__Activity__:
Every line in the data below from the one containing "Major Reservoirs Running" down to the one containing "DSQUARED2 Skater Jean Black džíny", both included, must be retyped exactly; no other line is to appear.

__Provided entries__:
++++
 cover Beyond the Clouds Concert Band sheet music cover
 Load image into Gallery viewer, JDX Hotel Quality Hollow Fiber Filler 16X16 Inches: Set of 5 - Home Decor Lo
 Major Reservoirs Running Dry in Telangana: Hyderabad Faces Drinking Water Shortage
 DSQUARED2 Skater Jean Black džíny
++++
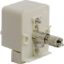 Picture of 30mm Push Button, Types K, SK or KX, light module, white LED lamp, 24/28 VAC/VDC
++++
__Result below__:
 Major Reservoirs Running Dry in Telangana: Hyderabad Faces Drinking Water Shortage
 DSQUARED2 Skater Jean Black džíny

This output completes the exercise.